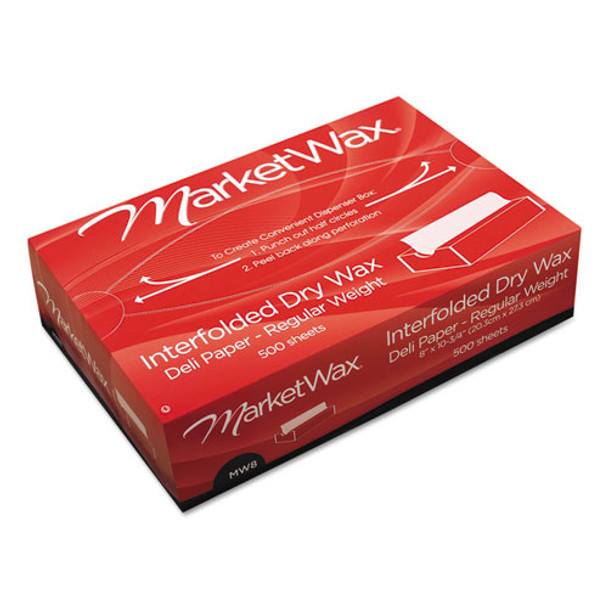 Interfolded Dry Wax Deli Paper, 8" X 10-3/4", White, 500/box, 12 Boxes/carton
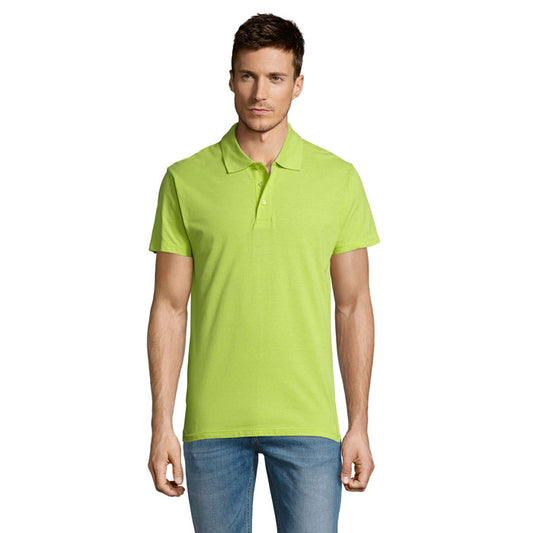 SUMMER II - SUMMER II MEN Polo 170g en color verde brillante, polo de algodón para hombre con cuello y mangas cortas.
- - - -
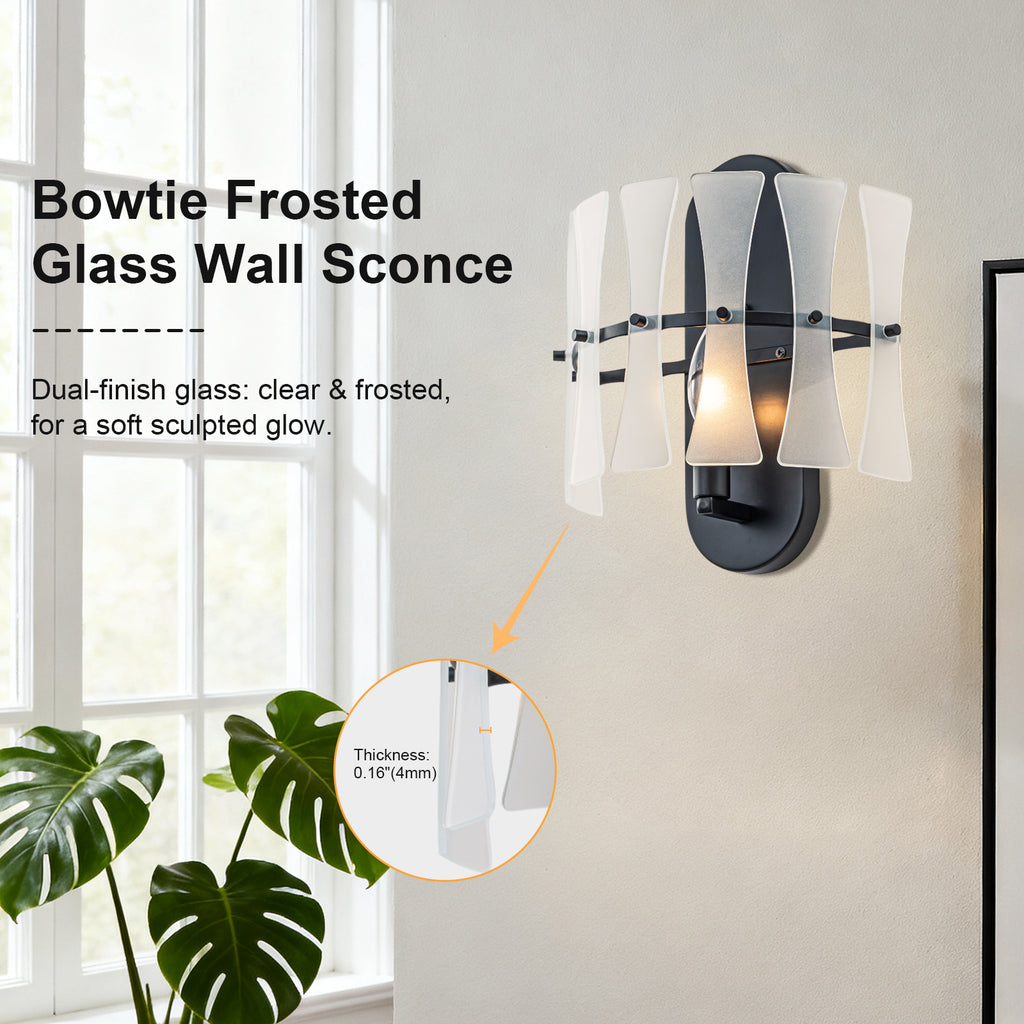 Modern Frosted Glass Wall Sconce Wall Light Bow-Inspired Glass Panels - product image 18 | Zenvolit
- - - -
__Assigned task__:
Within the listing above, find the line containing "Interfolded Dry Wax" and the line containing "SUMMER II - SUMMER". Transcribe them and everything between them exactly, leaving out the pictures.

__Response box__:
 Interfolded Dry Wax Deli Paper, 8" X 10-3/4", White, 500/box, 12 Boxes/carton
 SUMMER II - SUMMER II MEN Polo 170g en color verde brillante, polo de algodón para hombre con cuello y mangas cortas.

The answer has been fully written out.